== Provided entries ==
□ □ □

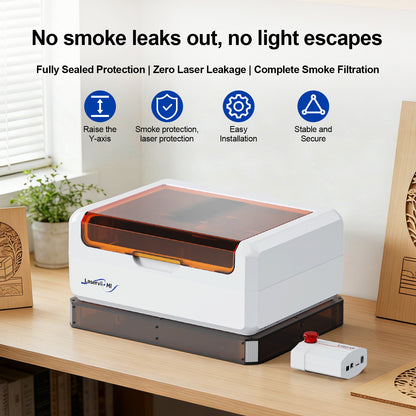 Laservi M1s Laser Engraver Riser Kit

□ □ □

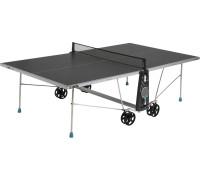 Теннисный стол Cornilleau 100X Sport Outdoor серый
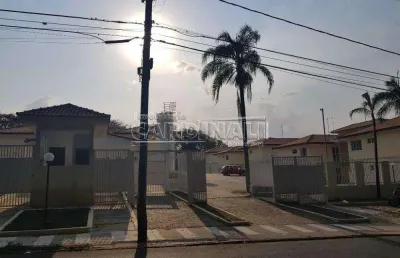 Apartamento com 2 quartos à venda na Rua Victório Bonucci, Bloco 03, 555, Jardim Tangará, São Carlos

□ □ □

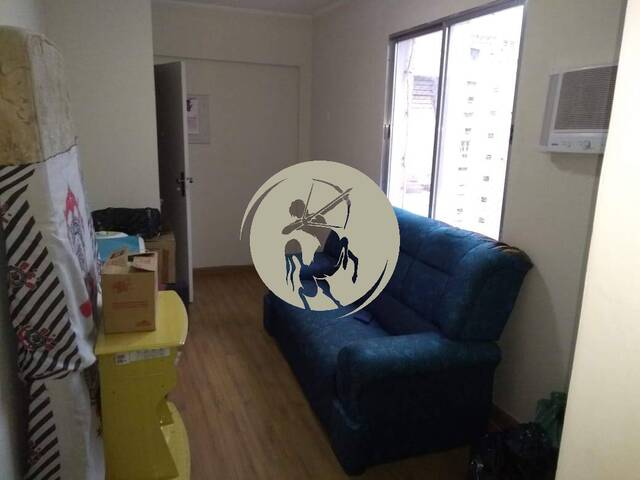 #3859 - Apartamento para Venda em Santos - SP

□ □ □

== Exercise description ==
Return word for word the lines of the listing above, starting at the line with "Теннисный стол Cornilleau" and ending at the line with "Apartamento com 2", both included. Pictures do not belong in the copy.

== Response ==
 Теннисный стол Cornilleau 100X Sport Outdoor серый
 Apartamento com 2 quartos à venda na Rua Victório Bonucci, Bloco 03, 555, Jardim Tangará, São Carlos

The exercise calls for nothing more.